Social Media Employment Law

Post Summer 2 of 5 – The Rush To Step Back on Facebook Demand Laws

Yesterday began this series of five posts to highlight five developments from this past summer in the area of social media and employment law.   In Part 2 today:  are legislators acknowledging that they went too far with their “Facebook demand” laws, or are they simply refining the laws with the benefit of passing time?

Much to my (and others’) chagrin, so much time was spent in 2012 and the first half of 2013 taking surveys and updating the surveys as each new state law was enacted to prohibit employers from requesting or requiring employees – potential or current – to turn over social media account passwords.  I question(ed) whether there is (was) a real need for these laws, and rhetorically sought some justification for the speed with which these legislative bodies apparently can come together on this issue.   Many states continued to enact the laws, notwithstanding my thoughts on the subject.

Yet, this summer brought an interesting amendment in Illinois, which was the second state after Maryland to enact a “Facebook demand” law, as I posted here back on August 6, 2012.    The amendment this past summer begs the question whether we will continue to see further “refinements” of these laws in other states, or, dare I ask, might they even be repealed down the line as totally overbroad and even unnecessary.

The Illinois amendment now allows employers to demand access to “professional” social media accounts, defined as an account used “by a current or prospective employee for business purposes of the employer.”  Though I’m not sure why the employer would not already have password and other necessary account information for an account used by an employee for the company’s business purposes.   The amendment also makes clear that employers are not prohibited from making a demand or request to comply “with a duty to screen employees or applicants prior to hiring under Illinois insurance laws or federal law or by a self-regulatory organization as defined [in the Securities Exchange Act].”
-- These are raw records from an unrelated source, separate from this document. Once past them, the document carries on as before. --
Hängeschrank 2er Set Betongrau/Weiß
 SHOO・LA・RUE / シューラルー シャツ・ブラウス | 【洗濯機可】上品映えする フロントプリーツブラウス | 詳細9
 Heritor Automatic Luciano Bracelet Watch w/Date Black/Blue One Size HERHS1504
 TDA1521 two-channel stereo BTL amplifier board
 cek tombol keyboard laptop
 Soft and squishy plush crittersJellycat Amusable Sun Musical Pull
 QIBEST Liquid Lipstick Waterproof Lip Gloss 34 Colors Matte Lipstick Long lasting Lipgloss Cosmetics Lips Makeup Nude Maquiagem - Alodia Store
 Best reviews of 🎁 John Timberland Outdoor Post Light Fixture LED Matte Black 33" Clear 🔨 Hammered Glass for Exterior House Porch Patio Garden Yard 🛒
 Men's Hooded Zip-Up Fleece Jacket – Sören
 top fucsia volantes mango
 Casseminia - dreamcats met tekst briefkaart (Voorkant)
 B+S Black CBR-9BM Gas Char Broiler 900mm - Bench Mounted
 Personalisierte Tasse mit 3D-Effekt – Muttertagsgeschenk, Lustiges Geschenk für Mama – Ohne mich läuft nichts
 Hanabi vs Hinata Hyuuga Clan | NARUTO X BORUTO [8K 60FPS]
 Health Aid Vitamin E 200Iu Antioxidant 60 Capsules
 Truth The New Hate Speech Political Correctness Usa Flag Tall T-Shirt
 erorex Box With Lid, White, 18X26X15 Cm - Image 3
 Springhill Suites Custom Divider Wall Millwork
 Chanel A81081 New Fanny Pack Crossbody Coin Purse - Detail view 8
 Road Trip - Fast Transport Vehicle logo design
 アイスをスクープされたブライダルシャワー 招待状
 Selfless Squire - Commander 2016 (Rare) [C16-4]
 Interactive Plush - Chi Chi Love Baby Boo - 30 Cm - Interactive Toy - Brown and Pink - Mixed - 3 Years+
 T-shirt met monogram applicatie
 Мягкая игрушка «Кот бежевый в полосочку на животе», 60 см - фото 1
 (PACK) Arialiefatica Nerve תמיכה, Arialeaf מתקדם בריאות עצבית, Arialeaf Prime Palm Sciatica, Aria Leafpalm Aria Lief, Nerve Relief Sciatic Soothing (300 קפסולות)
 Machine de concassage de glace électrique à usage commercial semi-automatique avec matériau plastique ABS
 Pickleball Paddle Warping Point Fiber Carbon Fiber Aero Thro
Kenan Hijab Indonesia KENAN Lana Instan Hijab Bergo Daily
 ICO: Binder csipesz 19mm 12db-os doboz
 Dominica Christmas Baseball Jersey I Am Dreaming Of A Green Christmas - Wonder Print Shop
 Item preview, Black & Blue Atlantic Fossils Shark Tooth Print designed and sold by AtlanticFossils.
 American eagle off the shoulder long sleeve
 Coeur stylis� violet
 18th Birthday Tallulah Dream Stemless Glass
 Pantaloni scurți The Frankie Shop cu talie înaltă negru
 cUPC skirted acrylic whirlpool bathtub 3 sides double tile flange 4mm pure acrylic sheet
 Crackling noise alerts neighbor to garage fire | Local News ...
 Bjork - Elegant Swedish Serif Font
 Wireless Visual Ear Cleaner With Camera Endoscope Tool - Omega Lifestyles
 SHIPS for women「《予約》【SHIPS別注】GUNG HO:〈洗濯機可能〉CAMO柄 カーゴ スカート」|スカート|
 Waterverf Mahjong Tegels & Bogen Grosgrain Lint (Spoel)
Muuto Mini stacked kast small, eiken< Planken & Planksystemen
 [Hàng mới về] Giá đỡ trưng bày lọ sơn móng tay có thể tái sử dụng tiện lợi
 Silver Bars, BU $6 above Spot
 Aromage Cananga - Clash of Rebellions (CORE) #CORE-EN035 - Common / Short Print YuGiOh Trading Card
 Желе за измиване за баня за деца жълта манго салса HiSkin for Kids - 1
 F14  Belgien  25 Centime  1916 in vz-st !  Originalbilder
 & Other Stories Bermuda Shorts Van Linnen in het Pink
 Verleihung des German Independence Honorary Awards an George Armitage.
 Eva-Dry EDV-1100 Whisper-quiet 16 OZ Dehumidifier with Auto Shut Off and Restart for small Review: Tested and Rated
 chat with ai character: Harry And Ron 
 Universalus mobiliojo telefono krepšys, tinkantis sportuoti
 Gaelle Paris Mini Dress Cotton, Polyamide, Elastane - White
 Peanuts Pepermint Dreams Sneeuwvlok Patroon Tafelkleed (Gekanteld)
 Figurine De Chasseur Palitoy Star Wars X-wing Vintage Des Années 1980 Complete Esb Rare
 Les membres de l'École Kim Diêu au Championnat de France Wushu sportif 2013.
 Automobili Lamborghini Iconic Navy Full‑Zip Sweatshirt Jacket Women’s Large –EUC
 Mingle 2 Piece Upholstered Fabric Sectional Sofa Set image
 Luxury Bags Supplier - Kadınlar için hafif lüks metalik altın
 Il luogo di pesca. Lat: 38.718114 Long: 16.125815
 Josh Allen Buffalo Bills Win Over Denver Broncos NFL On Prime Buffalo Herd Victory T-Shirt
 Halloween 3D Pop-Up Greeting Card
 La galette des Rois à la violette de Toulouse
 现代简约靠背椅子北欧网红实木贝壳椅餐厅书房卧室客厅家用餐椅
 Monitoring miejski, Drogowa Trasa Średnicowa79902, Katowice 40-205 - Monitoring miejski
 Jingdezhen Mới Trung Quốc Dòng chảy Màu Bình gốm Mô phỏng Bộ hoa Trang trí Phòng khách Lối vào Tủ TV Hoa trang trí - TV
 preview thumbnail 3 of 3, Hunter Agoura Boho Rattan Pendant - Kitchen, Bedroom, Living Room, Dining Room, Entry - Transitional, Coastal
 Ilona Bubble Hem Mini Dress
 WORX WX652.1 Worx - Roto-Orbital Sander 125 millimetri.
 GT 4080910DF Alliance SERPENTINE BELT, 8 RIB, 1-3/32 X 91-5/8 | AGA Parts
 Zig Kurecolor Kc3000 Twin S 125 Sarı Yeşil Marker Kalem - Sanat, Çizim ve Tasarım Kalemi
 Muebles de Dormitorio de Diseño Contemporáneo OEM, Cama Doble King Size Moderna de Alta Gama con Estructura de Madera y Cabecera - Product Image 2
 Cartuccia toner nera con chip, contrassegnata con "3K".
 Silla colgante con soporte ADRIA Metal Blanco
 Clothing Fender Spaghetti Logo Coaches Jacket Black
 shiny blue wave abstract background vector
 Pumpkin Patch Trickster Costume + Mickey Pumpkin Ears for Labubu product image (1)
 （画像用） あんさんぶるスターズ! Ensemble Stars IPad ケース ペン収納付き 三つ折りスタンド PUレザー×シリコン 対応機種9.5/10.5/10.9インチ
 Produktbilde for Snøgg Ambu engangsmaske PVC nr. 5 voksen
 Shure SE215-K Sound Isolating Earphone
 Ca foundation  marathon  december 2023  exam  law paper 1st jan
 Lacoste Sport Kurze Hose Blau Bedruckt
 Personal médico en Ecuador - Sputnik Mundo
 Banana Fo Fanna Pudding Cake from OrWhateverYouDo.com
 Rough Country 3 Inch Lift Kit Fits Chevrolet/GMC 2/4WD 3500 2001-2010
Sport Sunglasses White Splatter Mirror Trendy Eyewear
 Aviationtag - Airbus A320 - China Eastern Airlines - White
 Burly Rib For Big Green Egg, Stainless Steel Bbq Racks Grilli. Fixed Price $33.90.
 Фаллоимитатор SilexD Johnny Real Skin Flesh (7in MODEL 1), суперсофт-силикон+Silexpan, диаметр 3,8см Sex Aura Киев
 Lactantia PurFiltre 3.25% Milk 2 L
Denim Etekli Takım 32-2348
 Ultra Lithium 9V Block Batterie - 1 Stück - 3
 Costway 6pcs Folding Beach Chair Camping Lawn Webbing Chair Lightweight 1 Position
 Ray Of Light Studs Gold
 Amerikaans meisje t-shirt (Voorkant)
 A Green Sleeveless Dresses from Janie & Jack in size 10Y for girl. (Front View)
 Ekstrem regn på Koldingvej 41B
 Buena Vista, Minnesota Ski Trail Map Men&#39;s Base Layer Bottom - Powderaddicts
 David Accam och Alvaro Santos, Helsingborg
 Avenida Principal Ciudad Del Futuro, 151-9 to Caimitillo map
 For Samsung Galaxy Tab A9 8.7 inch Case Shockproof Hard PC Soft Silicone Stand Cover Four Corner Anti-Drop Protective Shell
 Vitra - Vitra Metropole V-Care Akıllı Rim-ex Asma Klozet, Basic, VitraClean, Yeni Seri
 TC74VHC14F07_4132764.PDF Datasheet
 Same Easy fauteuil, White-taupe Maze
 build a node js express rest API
Employer Take Away:   What should you as an employer take away from this development?   

Again, the interesting point here is not so much in this topic of Facebook demand laws, but in the fact that Illinois appears to be an early indicator of a trend toward refining these laws when loopholes and realities render the law impractical, at best.

But, still, before your company seeks access to an employee’s private social media account (and I’m still not sure why you would want to be known as the employer that demands such access in the first place), you still should determine as a threshold matter the state of the law in your company’s jurisdiction.